CosTaL: An accurate and scalabel graph-based clustering algorithm for high-dimensional single-cell data analysis
CosTaL use p-L2knng to map k nearest neighbors and construct a kNN graph, which is later refined using Tanimoto coefficient for a better restoration of the original similarity relationships among the cells inside the high-dimensional single-cell dataset.

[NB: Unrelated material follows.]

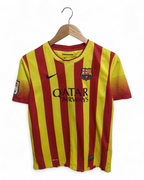 2013-14 Nike Barcelona Away Shirt - (S)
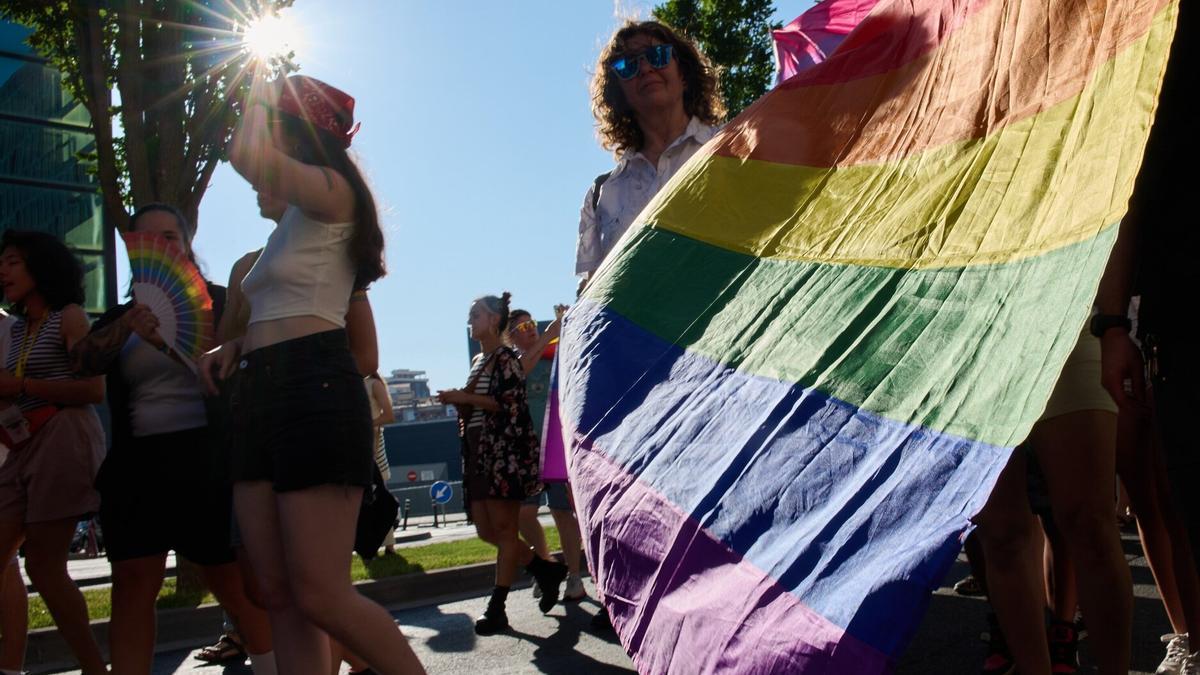La reivindicación de los derechos de las personas LGTBI+ vivirá un nuevo capítulo el 17 de mayo en el día contra la LGTBIfobia.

CosTaL is still under development in support of all platforms. Right now, the implementation of p-L2knng is only supporting the Linux system using executable, which may generate temproary files as input and output for p-L2knng (remember to get them removed if there is a problem happend during the executation, the name is the automatically-generated UUID as a 32-character lowercase hexadecimal string, unless specificed). The kNN maping on Mac and Windows platforms is temporarily using the brute force mapping borrowed from PhenoGraph.
pip install CosTaL
import CosTaL as ct
clusters = ct.clustering(data, method = 'mass', nbr_num = 10)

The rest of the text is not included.